Investors responded to the announcement by adding to bets on a rate cut as soon as June before paring those positions back down to roughly 70% by 1430 GMT, similar to earlier on Thursday. Markets expect three quarter-point BoE rate cuts over 2024.

In another sign of its changing stance, the BoE said monetary policy could remain restrictive even if rates were cut.

"The drop in hawkish dissents shows the direction of travel on the MPC, and signals that the time for a rate cut is drawing nearer," Allan Monks, an economist with JPMorgan said.

"It tilts the risks around our call for an August cut towards an earlier move."

The BoE decision follows the U.S. Federal Reserve's announcement on Wednesday that it remained on track for three interest rate cuts this year, prompting stock market rallies.

The European Central Bank has tried to cool talk about a run of rate cuts for the euro zone.

Earlier on Thursday, the Swiss National Bank cut its main interest rate, becoming the first major central bank to relax monetary policy after the surge in inflation globally.

In Britain on Wednesday, data showed consumer price growth fell to its lowest in almost two-and-a-half years.

But the BoE said indicators of the persistence of inflation remained elevated. It also said Britain's labour market was still relatively tight although it acknowledged signs that high borrowing costs were weighing on the economy.

"The Bank of England will need to see a lot more moderation in wages and services prices before it starts cutting rates," Marion Amiot, senior European economist at S&P Global Ratings, said, adding the firm expected a first cut only in August.

INFLATION UNDER 2% SOON

The BoE said inflation - whose surge led to a historic living standards squeeze and remained the highest in the Group of Seven in February - would drop below its 2% target in the second quarter due to the impact of finance minister Jeremy Hunt's decision this month to freeze fuel duty once again.

Overall, the measures in Hunt's March 6 budget statement were likely to increase economic output by about 0.25% over the coming years but would push up inflation by less, it said.

The BoE has forecast that inflation will creep up again later this year and most analysts and investors have predicted the BoE will cut rates in the third quarter, probably in August.

The central bank wants to see wage growth slowing further before making its move.

Britain's minimum wage will rise by nearly 10% next month, and retailers that often pay staff only slightly more have raised salaries ahead of that increase.

Employers overall have offered pay settlements of about 5% since the start of 2024. Average wage growth is about 6%, higher than about 4% in the United States and the euro zone.

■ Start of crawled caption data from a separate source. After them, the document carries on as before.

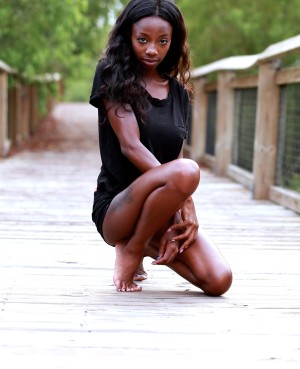 Phylia Calloway Photo #20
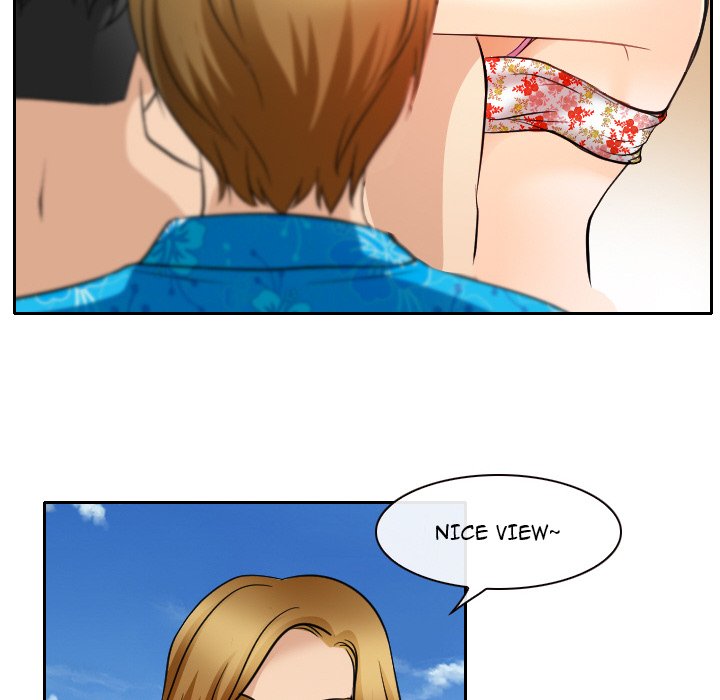 Midsummer Night’s Dream chapter 23 page 61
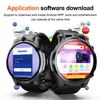 Smart Electronics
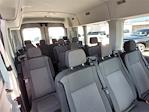 2024 Ford Transit 350 Medium Roof RWD Passenger Van for sale #RE8423 - photo 17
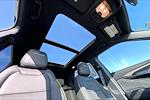 2026 Chevrolet Trailblazer AWD SUV for sale #105703 - photo 29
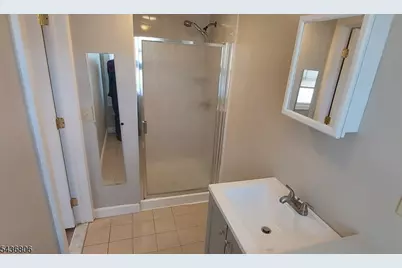 31 Stewart Pl, Fanwood, NJ 07023 - Photo 8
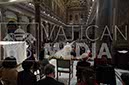 %_tempFileName01014_11032018%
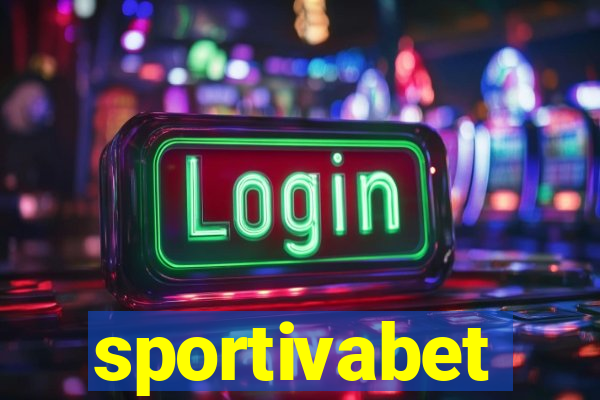 sportivabet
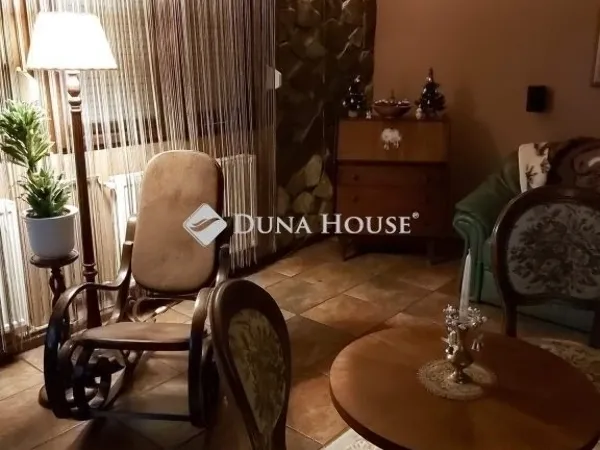 Eladó ház Vecsés 145 nm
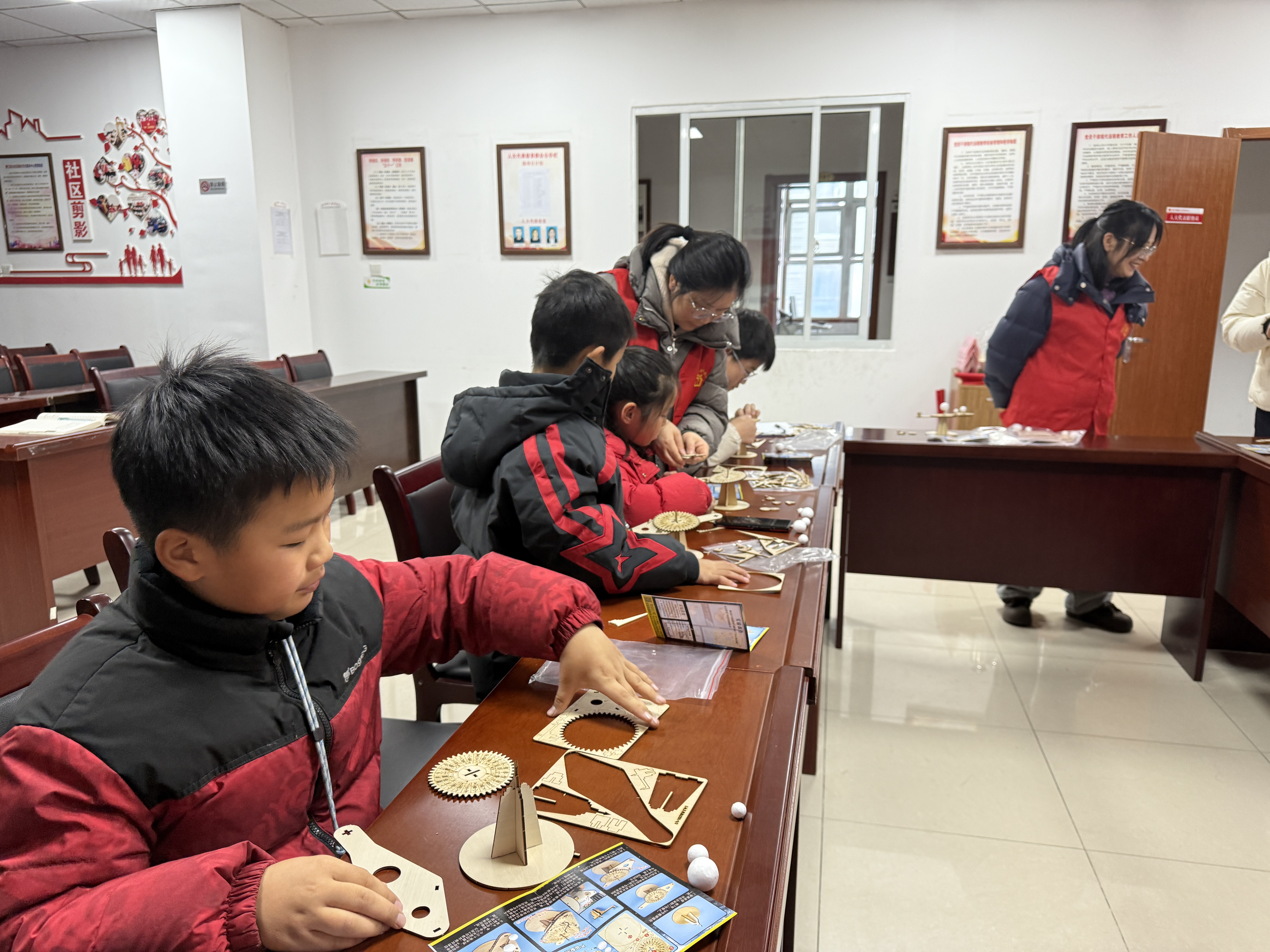 5eef8647b3407971c00318abe45336b8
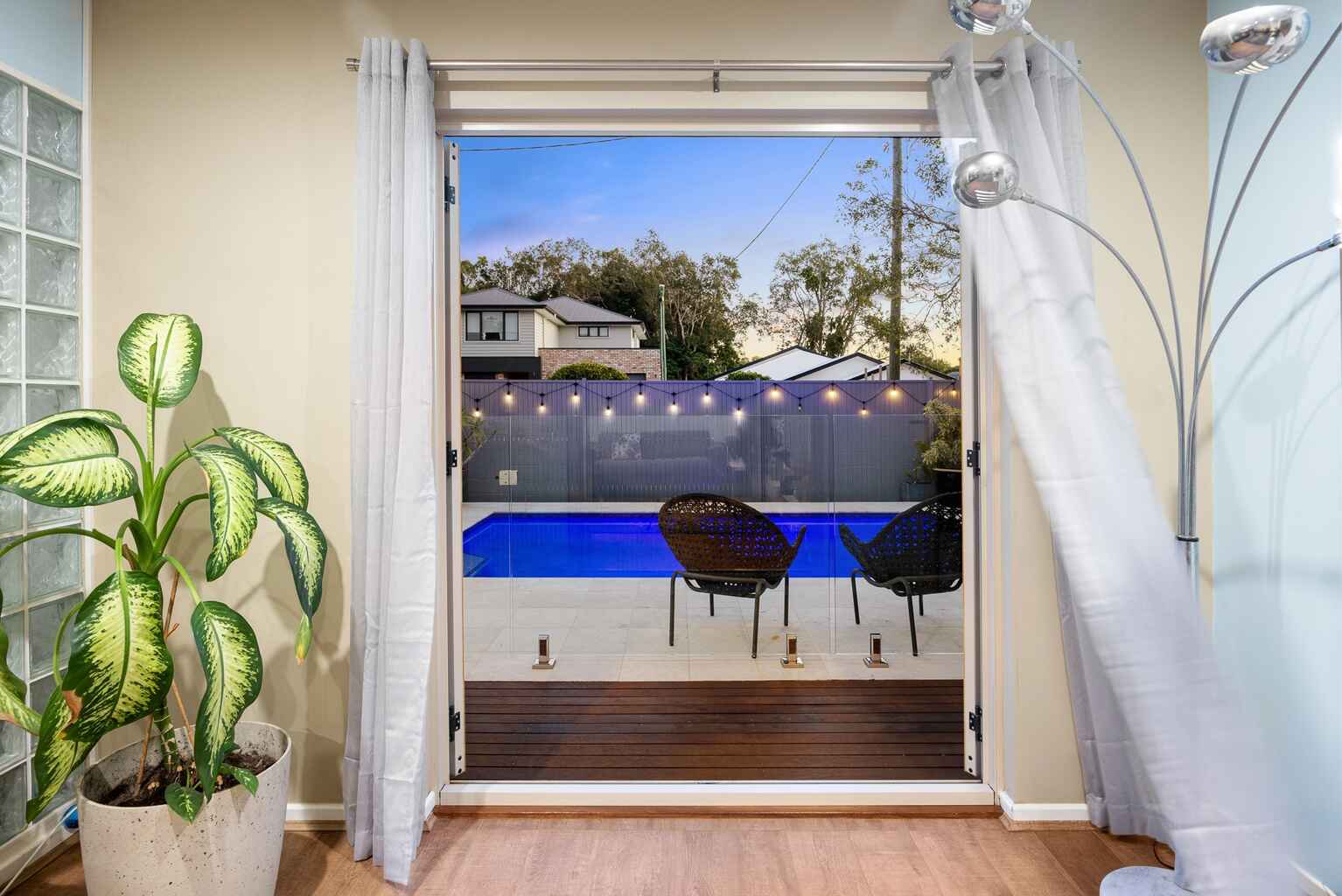 22 Jones Parade Coolum Beach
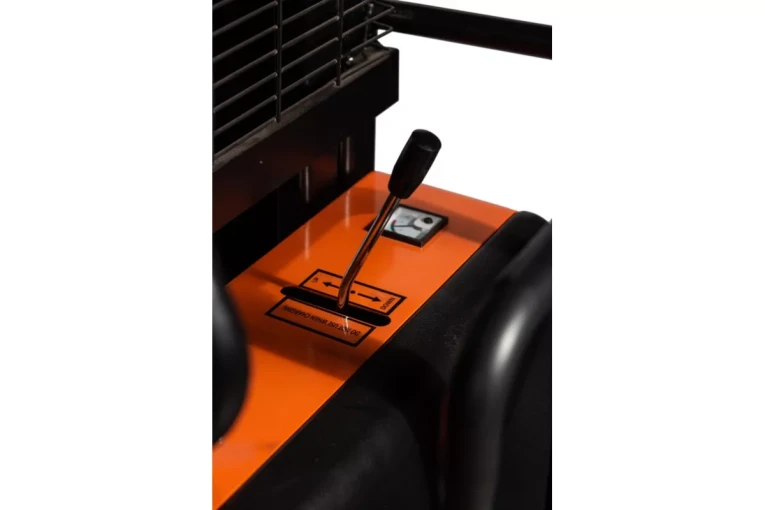 Штабелер с электроподъемом 1,5 т - 2,5 м Вилы: 1100 , Гелевая АКБ, SPN1525 SIBLINE купить в Мурманске Штабелер с электроподъемом 1,5 т - 2,5 м Вилы: 1100 , Гелевая АКБ, SPN1525 SIBLINE купить в Мурманске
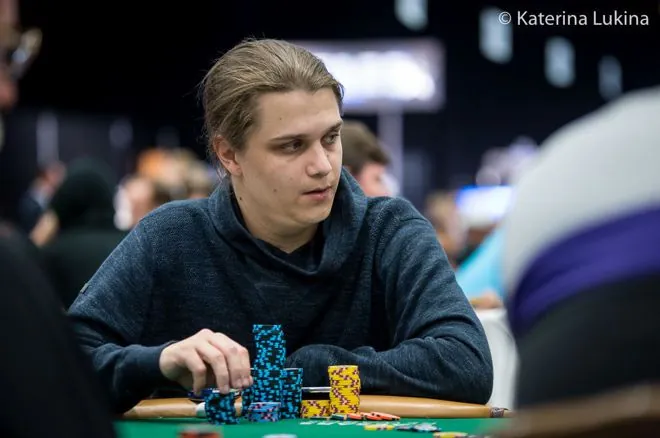 niklas astedt lena900 ept prague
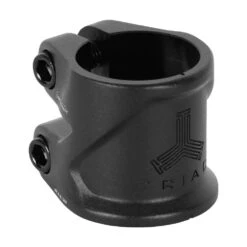 Triad Conspiracy Clamp | 4 Bolt SCS & 2 Bolt -Ride Pro Shop fe43f925 815b 4440 bdaf 33eb947a6f1c 1024x1024 23263.1670796213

© Reuters. A man walks past the Bank of England in the City of London, Britain June 28, 2016. REUTERS/Paul Hackett/File Photo

As well as employers, mortgage-holders and consumers, the ruling Conservative Party is also keen to see rates come down as it struggles to rein in the opposition Labour Party's strong lead in opinion polls with an election expected later this year.

Jeremy Hunt took the unusual step of commenting on what Wednesday's inflation data might mean for the BoE, saying: "As inflation gets closer to its target that opens the door for the Bank of England to consider bringing down interest rates."